Mythe 1 : Les employés handicapés sont moins productifs que les employés non handicapés.

Fait : La recherche démontre qu’il n’y a pas de différence en matière de rendement entre les employés handicapés et les employés qui ne le sont pas.

Mythe 2 : Il est plus difficile de congédier un employé handicapé pour cause de mauvais rendement.

Fait : En vertu du Code des droits de la personne de l’Ontario, les personnes handicapées sont assujetties aux mêmes dispositions et lois que les employés non handicapés lorsqu’il s’agit d’une mise à pied légale. Par conséquent, il n’est pas plus difficile de les congédier que tout autre employé.

Mythe 3 : Les coûts associés à l’embauche et à l’accommodement des personnes handicapées sont trop élevés.

Fait : La recherche démontre que les coûts représentent un problème minime, et étant donné les bons indicateurs de rendement au travail, l’embauche des personnes handicapées est un bon sens des affaires. En fait, 65 % des employés handicapés n’ont pas besoin de mesures d’adaptation.  Les frais moyens en matière d’accommodement sont de 500 $.

Mythe 4 : Les employés handicapés seront un fardeau pour les employés non handicapés.

Fait : La recherche démontre que les lieux de travail inclusifs sont meilleurs et plus énergisants, tout en étant plus rentables à long terme. Il a été démontré que 70 % des jeunes âgés de 18 à 26 ans disent que l’engagement de leur entreprise auprès de la communauté, y compris l’embauche d’une main-d’œuvre diversifiée, a eu une influence sur leur décision de travailler à cet endroit.

Mythe 5 : Les personnes handicapées s’absenteront souvent.

Fait : Les études ont démontré que les employés handicapés ne s’absentent pas plus souvent du travail que leurs collègues non handicapés. Il a plutôt été découvert que les employés handicapés ont tendance à avoir de meilleurs états de présence que les employés non handicapés.

Mythe 6 : Les candidats handicapés n’ont pas les compétences, la formation ou l’éducation requise.

Fait : Plus de 50 % des personnes handicapées détiennent un diplôme d’études secondaires, et plus d’un tiers d’entre elles ont terminé des études postsecondaires. En fait, selon Emploi et Développement social Canada, deux personnes handicapées sur trois, au Canada, ont possiblement un diplôme d’études postsecondaires, comparativement aux adultes canadiens sans handicap.
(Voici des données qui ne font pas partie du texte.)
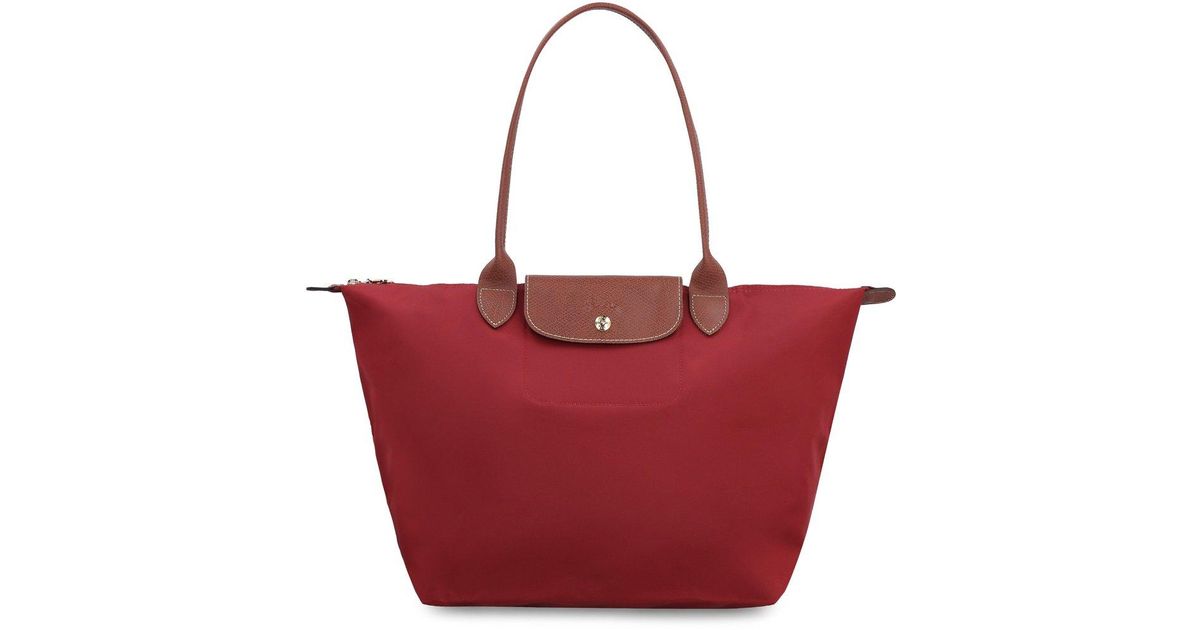Longchamp Le Pliage Top Handle Bag in Red | Lyst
Mythe 7 : Un autre membre de l’équipe devra toujours aider l’employé handicapé.

Fait : Les employés handicapés qui reçoivent la formation nécessaire ne devraient pas avoir d’aide, comme les employés non handicapés. Dans la plupart des cas, les personnes handicapées se sont adaptées aux défis que pose leur handicap, et sont en mesure d’accomplir leurs tâches sans aide.

Mythe 8 : Les indemnisations augmenteront si des personnes handicapées sont embauchées.

Fait : Les taux d’assurance d’un employeur sont exclusivement fondés sur les risques inhérents aux antécédents d’accidents de l’organisme, par opposition à l’embauche de personnes handicapées ou non.

Mythe 9 : La plupart des personnes handicapées utilisent un fauteuil roulant (et nous ne pouvons pas accommoder cela dans notre milieu de travail).

Fait : Le taux d’utilisation de fauteuils roulants chez les personnes handicapées n’est que de 6 %, soit environ 1 % de la population générale, selon le recensement américain de 2010. L’icône représentant un fauteuil roulant, utilisé sur des affiches, a donné lieu à une croyance générale que la plupart des personnes handicapées utilisent des fauteuils roulants. (Source : Rapport « Repenser l’inCapacité dans le secteur privé » de 2013). En fait, 70 % des handicaps au Canada ne se voient pas.